Correlated Component Regression – A smarter way to deal with Multicollinearity

There are various methods available to deal with multicollinearity however each one has some drawbacks. Multicollinearity reduces the precision of the estimated coefficients, which weakens the statistical power of the regression model. The coefficients become very sensitive to small changes and One might not be able to trust the p-values to identify independent variables that are statistically significant. In the case of high dimensional data, where the number of predictor variables P are near or exceed the sample size N, this can result in near-perfect predictions within the analysis sample. However, this apparently good predictive performance is usually an overfitting problem that deteriorates model performance when applied to new cases outside the sample.

Generally, when multicollinearity occurs, Stepwise regression is the most widely used technique to obtain a sparse and stable solution. Alternative approaches include sparse component and sparse penalized regression methods. In addition, non-sparse regression approaches such as ridge regression are also available

Component/ Dimension reduction approaches – excludes higher dimensions

  1. Principal Component Regression (PCR)
  2. Supervised PCR (SPCR).
  3. PLS regression.
  4. Sparse PLS regression (SPLS)
  5. Naïve Bayes

Sparse Penalty Regression Approaches – imposes an explicit penalty

  1. LARS/Lasso (L1- regularization)
  2. Elastic Net
  3. Non-convex penalty
    1. truncated L1 penalty
    2. clipped LASSO
    3. Sparse ridge
    4. SCAD, MCP

Non-Sparse Regression Approaches

  1. Ridge (L1- regularization)

Scenarios like data having a small number of correlated predictors or a large number of correlated predictors with relatively small samples, most of the above methods do not give reliable results. Correlated Component Regression (CCR) is a reliable method that can be used in such circumstances and can provide reliable predictions even with near multicollinear data.

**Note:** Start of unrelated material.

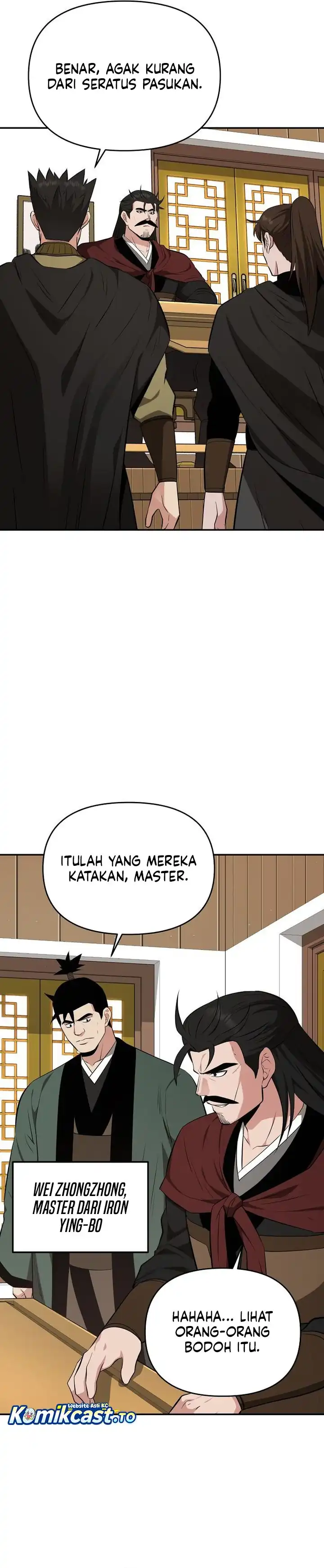 Baca The World's Best Kunlun Tavern - Chapter 97 halaman 24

CCR Is a unique smoothing algorithm that is designed to produce more stable model estimates which are better at prediction than the un-stabilized estimates obtained from conventional Regression models with high multicollinearity. Along with working on low base sizes, it applies the proper amount of regularization (K components) to reduce the confounding effects of high predictor correlation, and the CCR step-down algorithm can be used to exclude irrelevant and weak predictors, resulting a sparse model that provides a better prediction (better classification) and coefficient estimates closer to the true values. Unlike PLS-R and penalized regression approaches, CCR is scale-invariant.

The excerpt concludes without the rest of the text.